Sin embargo, un reciente reporte del diario Trabajadores ha dado cuenta de un total de 223 casos de evasión fiscal que han sido detectados y que han sido remitidos a los tribunales de la Isla.(foto: trabajadores)

Se trata de personas que realizaban un trabajo por cuenta propia pero que no declaraban a la ONAT, que lo hacían por debajo de los ingresos reales o que incumplían con parte de la normativa existente. Si fueran declarados culpables, esos cuentapropistas podrían ser condenados, incluso, a ocho años de prisión.

Sonia Fernández ―directora jurídica de la ONAT― ha explicado a medios de prensa que los tribunales han dictado ya algunas sentencias, que se encuentra entre los 2 y los 5 años de cárcel.

La Policía ha tomado parte en 136 de las 223 denuncias, de acuerdo con datos ofrecidos por el diario Trabajadores.

Pero, ¿cuáles son los delitos en que incurren los acusados de evasión fiscal?

Entre los principales problemas se encuentra declarar ingresos mensuales por debajo de los reales, no acudir al registro del contribuyente o incluso no actualizar los cambios de dirección.

La directora jurídica de la ONAT precisó que, en este sentido, ya se aplicaron:

“más de 300 acciones contra quienes ejercen ilegalmente una actividad por cuenta propia, lo cual conlleva a una presunción de deuda por el período de tiempo estimado de trabajo y multas con el máximo rigor”.

Valga destacar que el pago de la “deuda” no supone que se detenga el proceso penal. Ello quiere decir que, una vez abierto el expediente por evasión fiscal, la cárcel puede convertirse en el destino final de cualquier manera.

El citado medio de prensa destaca el caso de la provincia de Sancti Spíritus, donde fueron aplicadas miles de multas a cuentapropistas.

Durante 2016 los inspectores de esa provincia realizaron 4.807 controles, en los cuales se detectaron violaciones en más del 50 %. Las multas aplicadas superaron los 800 CUP en cada caso.

Los municipios con mayor cifra de infracciones se localizaron en la cabecera de esa provincia central del país y en el municipio de Trinidad, localidad de elevado potencial turístico, como es sabido.

Algunas de las violaciones detectadas en Sancti Spíritus son recurrentes en todo el país: la venta de productos industriales, la utilización de materias primas compradas en el mercado negro y la comercialización en sitios no autorizados.

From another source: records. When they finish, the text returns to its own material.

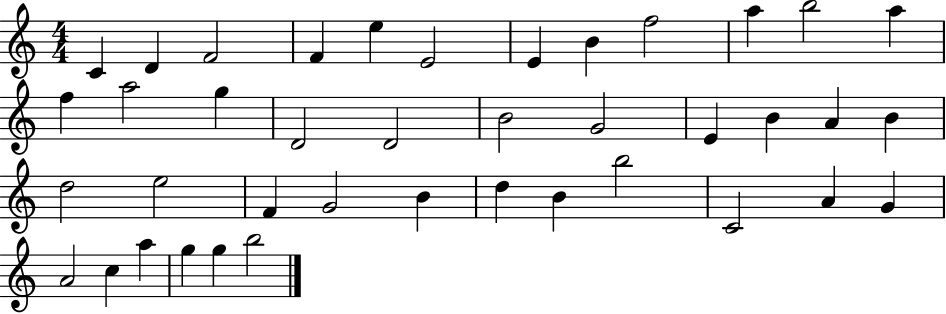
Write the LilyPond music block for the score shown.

{
  \clef treble
  \numericTimeSignature
  \time 4/4
  \key c \major
  c'4 d'4 f'2 | f'4 e''4 e'2 | e'4 b'4 f''2 | a''4 b''2 a''4 | \break f''4 a''2 g''4 | d'2 d'2 | b'2 g'2 | e'4 b'4 a'4 b'4 | \break d''2 e''2 | f'4 g'2 b'4 | d''4 b'4 b''2 | c'2 a'4 g'4 | \break a'2 c''4 a''4 | g''4 g''4 b''2 | \bar "|."
}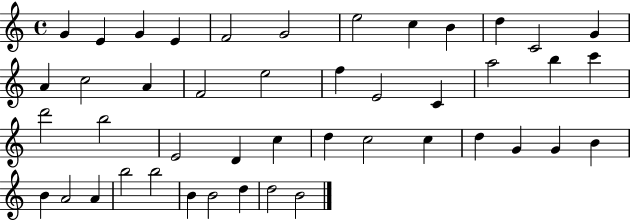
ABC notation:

X:1
T:Untitled
M:4/4
L:1/4
K:C
G E G E F2 G2 e2 c B d C2 G A c2 A F2 e2 f E2 C a2 b c' d'2 b2 E2 D c d c2 c d G G B B A2 A b2 b2 B B2 d d2 B2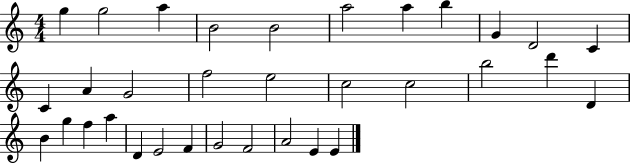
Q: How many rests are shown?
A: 0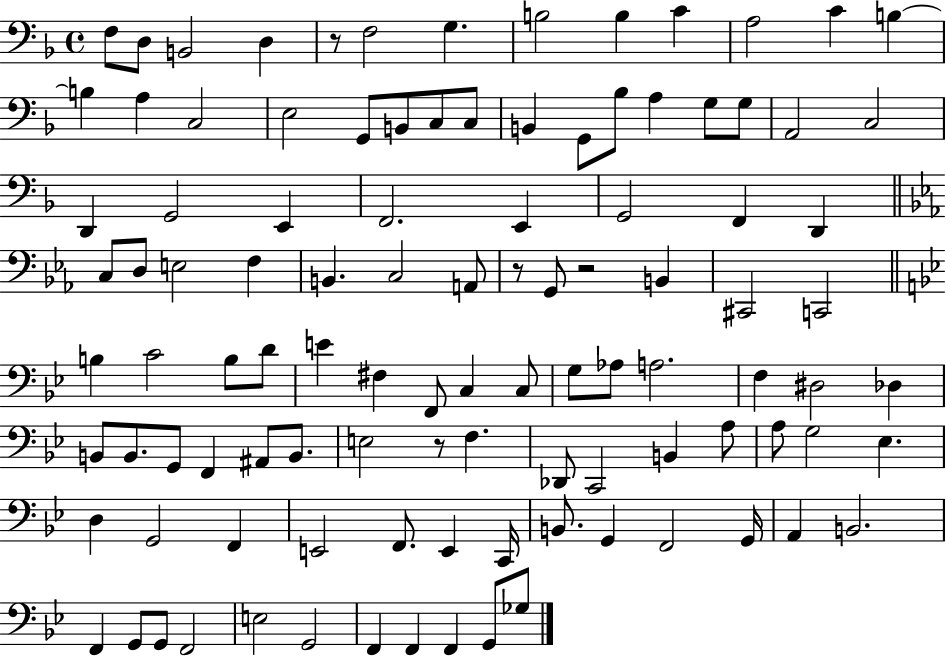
X:1
T:Untitled
M:4/4
L:1/4
K:F
F,/2 D,/2 B,,2 D, z/2 F,2 G, B,2 B, C A,2 C B, B, A, C,2 E,2 G,,/2 B,,/2 C,/2 C,/2 B,, G,,/2 _B,/2 A, G,/2 G,/2 A,,2 C,2 D,, G,,2 E,, F,,2 E,, G,,2 F,, D,, C,/2 D,/2 E,2 F, B,, C,2 A,,/2 z/2 G,,/2 z2 B,, ^C,,2 C,,2 B, C2 B,/2 D/2 E ^F, F,,/2 C, C,/2 G,/2 _A,/2 A,2 F, ^D,2 _D, B,,/2 B,,/2 G,,/2 F,, ^A,,/2 B,,/2 E,2 z/2 F, _D,,/2 C,,2 B,, A,/2 A,/2 G,2 _E, D, G,,2 F,, E,,2 F,,/2 E,, C,,/4 B,,/2 G,, F,,2 G,,/4 A,, B,,2 F,, G,,/2 G,,/2 F,,2 E,2 G,,2 F,, F,, F,, G,,/2 _G,/2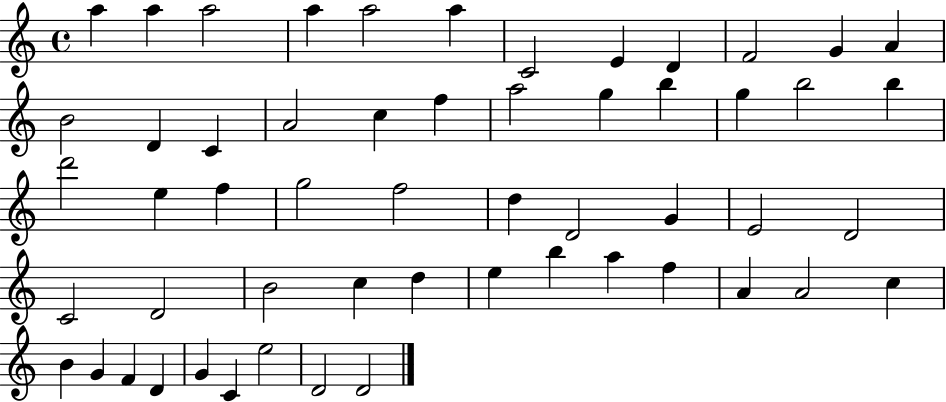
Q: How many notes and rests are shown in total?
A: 55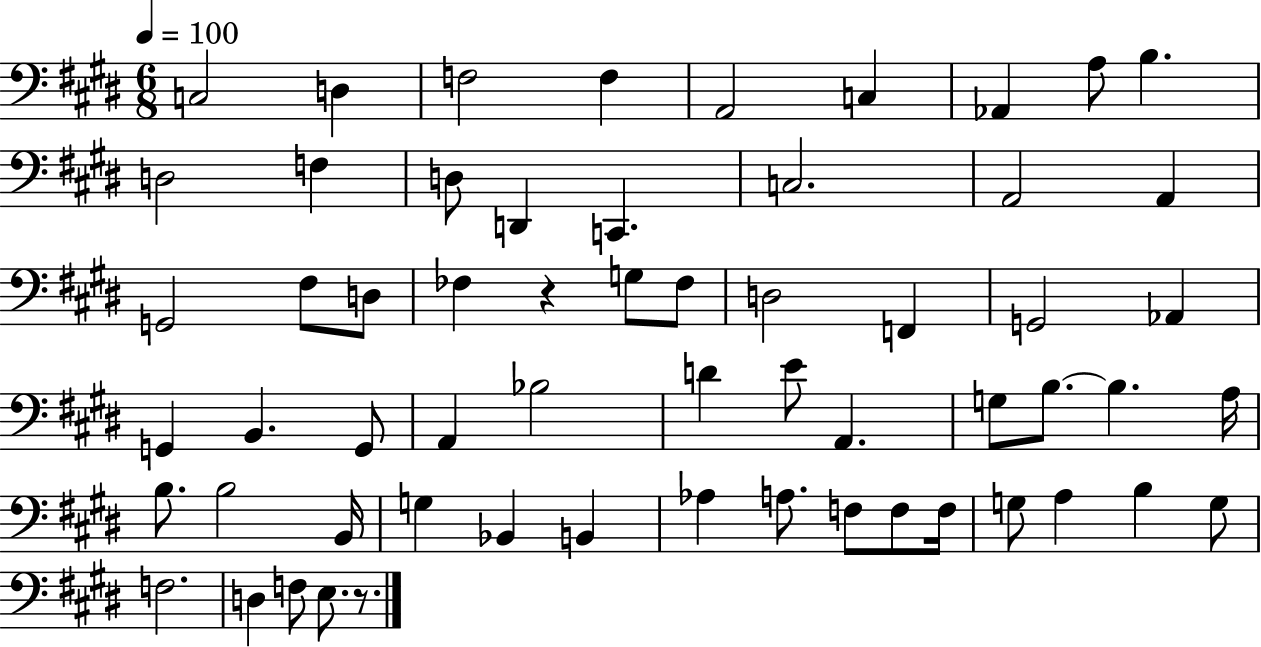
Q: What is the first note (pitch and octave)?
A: C3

En el caso de La Habana, se cita el caso del municipio de Arroyo Naranjo, donde se recuperaron más de 4 millones de pesos en Moneda Nacional, en concepto de deudas fiscales.

En Cuba más de 200.000 trabajadores tendrán que rendir su declaración jurada en este 2017. De esa cifra, 170.000 son cuentapropistas, lo cual representa un 33,7 % de quienes no trabajan directamente vinculados a ninguna empresa estatal.

Según cifras del Ministerio de Trabajo y Seguridad Social, ejercen el trabajo por cuenta propia en Cuba alrededor de 535.000 personas.

Aunque es obvio que es necesario el control del cuentapropismo en la Isla, si bien es innegable que la ley está hecha para cumplirla, tampoco es menos cierto que sería deseable descomplicar el engranaje burocrático que frena, en muchas ocasiones, que el cumplimiento de la ley sea más una quimera que una realidad entre los cuentapropistas.

También estaría bien sacar conclusiones sobre los motivos que, en ocasiones, lleva a los cuentapropistas a frecuentar el mercado negro. “A veces ser honesto es complicado”, declaraba un cuentapropista de la Isla hace unos meses, y tal vez es hora también de preguntarse por qué.